Can you say something about the female lamas of our lineage?

Lama Ole’s answer:

We have many women in the Karma Kagyu lineage, and we even have entirely female transmissions. The Chöd lineage of Machig Labdrön is mainly a female lineage—she had this inspiration. The Nyungne transmission, the fasting meditation, was also developed and passed on by a woman. We also have several secret transmission lineages with union tantras that are held by women.

Why are there so few women in Buddhist institutions?

Lama Ole’s answer:

The women just don’t want it so much. They don’t care as much about high positions in a hierarchical system. Women would rather work in circles than in pyramids, and they don’t enjoy power struggles as much as men do. As long as you don’t disturb a woman and her family, she is peaceful. But when a man hears about someone in the next valley who says he’s the strongest, he will cross a high mountain to check him out.

Then, when a family is started, the women usually spend more time with the children because this is more important to them than advancing in any institution. But as soon as they have more time, they start to open up to the outside again. Then they have unbeatable new experience and tremendous maturity, and they become very good teachers.
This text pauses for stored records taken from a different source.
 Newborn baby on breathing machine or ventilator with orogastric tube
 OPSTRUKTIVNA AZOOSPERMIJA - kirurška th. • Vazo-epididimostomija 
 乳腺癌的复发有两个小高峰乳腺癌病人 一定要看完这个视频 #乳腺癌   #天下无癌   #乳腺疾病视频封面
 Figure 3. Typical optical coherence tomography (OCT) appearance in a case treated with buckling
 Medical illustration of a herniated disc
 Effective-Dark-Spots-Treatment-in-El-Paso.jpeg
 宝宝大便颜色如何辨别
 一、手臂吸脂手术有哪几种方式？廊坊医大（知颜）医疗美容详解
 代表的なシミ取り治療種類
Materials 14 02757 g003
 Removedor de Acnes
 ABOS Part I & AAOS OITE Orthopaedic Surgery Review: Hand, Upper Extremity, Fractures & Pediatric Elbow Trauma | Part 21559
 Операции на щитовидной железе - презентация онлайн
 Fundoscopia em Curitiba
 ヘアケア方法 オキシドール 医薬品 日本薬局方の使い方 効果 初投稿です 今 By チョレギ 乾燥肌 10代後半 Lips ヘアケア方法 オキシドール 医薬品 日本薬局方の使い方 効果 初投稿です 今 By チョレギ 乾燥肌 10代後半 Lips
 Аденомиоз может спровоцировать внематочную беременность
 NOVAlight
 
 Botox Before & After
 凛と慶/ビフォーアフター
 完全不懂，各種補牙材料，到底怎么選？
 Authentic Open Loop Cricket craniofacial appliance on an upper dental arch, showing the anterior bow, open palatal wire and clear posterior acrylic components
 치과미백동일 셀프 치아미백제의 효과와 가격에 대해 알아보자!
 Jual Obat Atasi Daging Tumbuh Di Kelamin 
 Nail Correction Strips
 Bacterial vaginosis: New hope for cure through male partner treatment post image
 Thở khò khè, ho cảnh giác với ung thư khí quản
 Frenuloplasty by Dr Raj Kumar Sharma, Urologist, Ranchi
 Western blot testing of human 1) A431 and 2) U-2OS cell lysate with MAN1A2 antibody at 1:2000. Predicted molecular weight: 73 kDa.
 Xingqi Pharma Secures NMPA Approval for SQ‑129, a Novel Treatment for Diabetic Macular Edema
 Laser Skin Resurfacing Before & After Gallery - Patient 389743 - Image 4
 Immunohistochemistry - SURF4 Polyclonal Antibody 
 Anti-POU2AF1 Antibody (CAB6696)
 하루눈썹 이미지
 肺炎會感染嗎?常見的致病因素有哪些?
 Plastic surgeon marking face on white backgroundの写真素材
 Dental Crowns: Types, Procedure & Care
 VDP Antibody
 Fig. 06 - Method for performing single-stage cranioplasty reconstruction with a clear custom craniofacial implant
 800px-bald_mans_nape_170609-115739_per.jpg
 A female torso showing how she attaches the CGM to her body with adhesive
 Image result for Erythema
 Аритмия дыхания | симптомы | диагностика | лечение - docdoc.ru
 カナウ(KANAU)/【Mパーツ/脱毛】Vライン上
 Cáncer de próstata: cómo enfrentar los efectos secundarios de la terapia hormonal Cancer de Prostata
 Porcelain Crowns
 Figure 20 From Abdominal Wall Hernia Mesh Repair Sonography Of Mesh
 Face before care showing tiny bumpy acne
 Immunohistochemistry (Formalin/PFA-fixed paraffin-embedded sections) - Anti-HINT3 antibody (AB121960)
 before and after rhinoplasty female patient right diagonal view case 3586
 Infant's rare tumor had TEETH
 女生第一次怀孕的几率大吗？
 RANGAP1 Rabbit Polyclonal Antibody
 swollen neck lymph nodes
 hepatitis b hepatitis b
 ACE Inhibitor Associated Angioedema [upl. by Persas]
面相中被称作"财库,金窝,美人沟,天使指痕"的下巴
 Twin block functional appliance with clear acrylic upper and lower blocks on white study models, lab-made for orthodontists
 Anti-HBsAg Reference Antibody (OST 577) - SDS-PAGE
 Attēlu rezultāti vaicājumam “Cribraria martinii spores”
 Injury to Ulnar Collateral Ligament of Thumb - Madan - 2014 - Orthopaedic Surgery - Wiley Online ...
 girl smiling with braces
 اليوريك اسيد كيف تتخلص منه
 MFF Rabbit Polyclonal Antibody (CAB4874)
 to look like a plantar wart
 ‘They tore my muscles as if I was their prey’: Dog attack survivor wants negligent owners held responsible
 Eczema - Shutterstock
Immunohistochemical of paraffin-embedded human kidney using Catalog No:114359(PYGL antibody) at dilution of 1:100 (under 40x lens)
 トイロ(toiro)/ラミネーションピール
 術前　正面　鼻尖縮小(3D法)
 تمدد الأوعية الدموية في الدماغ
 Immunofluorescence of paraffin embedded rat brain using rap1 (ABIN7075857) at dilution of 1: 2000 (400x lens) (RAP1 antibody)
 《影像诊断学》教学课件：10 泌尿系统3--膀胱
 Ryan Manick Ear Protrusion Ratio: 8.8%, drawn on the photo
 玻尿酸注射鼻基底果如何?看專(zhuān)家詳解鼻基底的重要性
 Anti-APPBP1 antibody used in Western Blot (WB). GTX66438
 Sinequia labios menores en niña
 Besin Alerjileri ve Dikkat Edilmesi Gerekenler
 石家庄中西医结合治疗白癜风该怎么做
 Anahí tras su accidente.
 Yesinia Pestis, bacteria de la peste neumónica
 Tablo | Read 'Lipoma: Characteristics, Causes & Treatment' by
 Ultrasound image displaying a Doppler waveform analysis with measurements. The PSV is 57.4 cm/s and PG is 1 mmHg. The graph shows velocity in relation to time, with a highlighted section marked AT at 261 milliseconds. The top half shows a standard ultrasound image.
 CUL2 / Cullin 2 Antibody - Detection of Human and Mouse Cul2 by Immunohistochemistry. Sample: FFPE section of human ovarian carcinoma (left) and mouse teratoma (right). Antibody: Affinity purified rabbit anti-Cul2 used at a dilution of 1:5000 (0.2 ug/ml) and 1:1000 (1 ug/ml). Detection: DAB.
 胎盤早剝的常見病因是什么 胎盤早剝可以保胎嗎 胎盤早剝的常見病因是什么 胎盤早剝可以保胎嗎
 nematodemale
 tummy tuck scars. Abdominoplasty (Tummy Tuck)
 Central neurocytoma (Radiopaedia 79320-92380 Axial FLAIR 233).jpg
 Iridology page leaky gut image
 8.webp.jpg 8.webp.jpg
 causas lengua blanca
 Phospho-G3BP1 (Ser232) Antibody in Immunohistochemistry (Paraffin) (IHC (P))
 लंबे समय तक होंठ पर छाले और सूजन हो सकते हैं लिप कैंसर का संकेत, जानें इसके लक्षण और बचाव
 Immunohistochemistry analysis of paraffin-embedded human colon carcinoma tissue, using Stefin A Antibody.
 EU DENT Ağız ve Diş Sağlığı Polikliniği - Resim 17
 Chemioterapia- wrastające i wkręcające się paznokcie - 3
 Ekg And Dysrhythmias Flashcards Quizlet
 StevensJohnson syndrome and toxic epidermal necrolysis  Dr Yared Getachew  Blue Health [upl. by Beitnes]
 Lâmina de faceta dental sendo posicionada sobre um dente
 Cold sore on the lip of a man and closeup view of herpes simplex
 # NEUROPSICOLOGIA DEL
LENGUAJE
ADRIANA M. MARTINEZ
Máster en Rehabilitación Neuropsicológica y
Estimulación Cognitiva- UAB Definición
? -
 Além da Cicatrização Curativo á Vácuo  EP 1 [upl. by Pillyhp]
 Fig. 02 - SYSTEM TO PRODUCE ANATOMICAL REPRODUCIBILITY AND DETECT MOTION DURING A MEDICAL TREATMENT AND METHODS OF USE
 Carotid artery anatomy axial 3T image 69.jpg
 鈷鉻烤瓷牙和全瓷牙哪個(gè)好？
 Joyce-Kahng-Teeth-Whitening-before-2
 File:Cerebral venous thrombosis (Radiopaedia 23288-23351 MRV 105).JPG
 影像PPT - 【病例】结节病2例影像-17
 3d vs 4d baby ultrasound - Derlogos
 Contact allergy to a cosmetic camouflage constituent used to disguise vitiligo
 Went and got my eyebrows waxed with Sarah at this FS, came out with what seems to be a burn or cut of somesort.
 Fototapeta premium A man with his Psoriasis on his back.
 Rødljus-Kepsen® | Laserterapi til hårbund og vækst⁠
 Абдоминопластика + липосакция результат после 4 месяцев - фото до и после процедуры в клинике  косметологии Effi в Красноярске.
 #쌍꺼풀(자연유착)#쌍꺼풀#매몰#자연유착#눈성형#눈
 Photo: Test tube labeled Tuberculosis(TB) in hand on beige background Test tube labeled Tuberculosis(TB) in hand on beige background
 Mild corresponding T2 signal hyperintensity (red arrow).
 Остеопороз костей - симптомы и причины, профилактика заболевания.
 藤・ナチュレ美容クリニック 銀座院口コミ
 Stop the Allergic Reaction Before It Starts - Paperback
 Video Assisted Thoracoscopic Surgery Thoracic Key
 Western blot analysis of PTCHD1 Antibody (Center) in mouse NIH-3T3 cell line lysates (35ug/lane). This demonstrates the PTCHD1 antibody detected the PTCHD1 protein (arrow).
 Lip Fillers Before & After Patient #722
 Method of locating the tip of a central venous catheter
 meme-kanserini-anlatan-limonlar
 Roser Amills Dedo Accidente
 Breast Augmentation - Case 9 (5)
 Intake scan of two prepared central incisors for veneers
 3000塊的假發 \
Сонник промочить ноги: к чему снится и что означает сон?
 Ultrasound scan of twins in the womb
In our lineage, women have as much say as men do. We work on the level of fun and friendship. Among my own students—also among those I send out to teach and lead the centers—there are just as many women as men. But it seems that fewer women than men want to drop out of their personal life completely and devote themselves one hundred percent to something beyond personal. Most of them want something for themselves: a family or a man. But we have smart and able women who are quite good at combining the dharma on the one hand with some private life and family on the other.